* [Recorded data]:
____________________

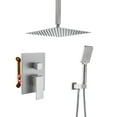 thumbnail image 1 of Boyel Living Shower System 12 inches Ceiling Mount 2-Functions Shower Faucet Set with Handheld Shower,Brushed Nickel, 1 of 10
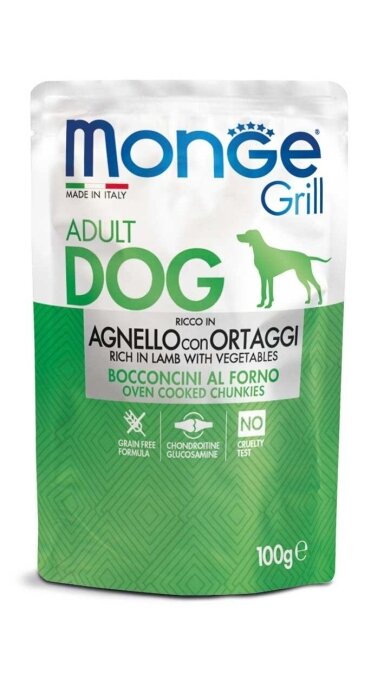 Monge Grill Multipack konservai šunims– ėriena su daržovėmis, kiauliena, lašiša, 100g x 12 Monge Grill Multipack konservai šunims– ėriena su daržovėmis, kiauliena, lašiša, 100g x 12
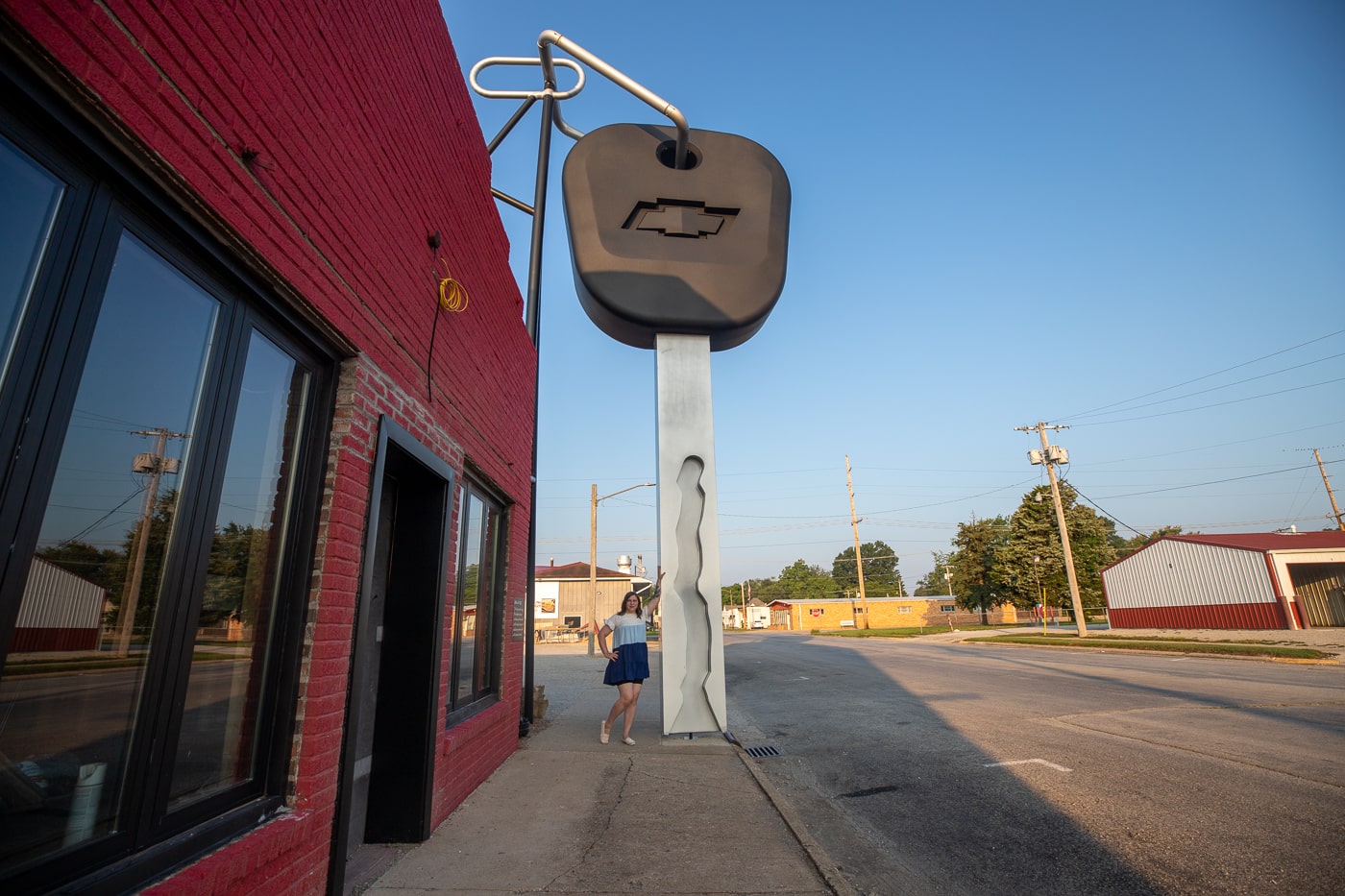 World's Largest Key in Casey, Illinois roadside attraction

____________________

* [Work instruction]: Give back the whole of the material exactly, with the pictures removed.

* [Task output]:
 thumbnail image 1 of Boyel Living Shower System 12 inches Ceiling Mount 2-Functions Shower Faucet Set with Handheld Shower,Brushed Nickel, 1 of 10
 Monge Grill Multipack konservai šunims– ėriena su daržovėmis, kiauliena, lašiša, 100g x 12 Monge Grill Multipack konservai šunims– ėriena su daržovėmis, kiauliena, lašiša, 100g x 12
 World's Largest Key in Casey, Illinois roadside attraction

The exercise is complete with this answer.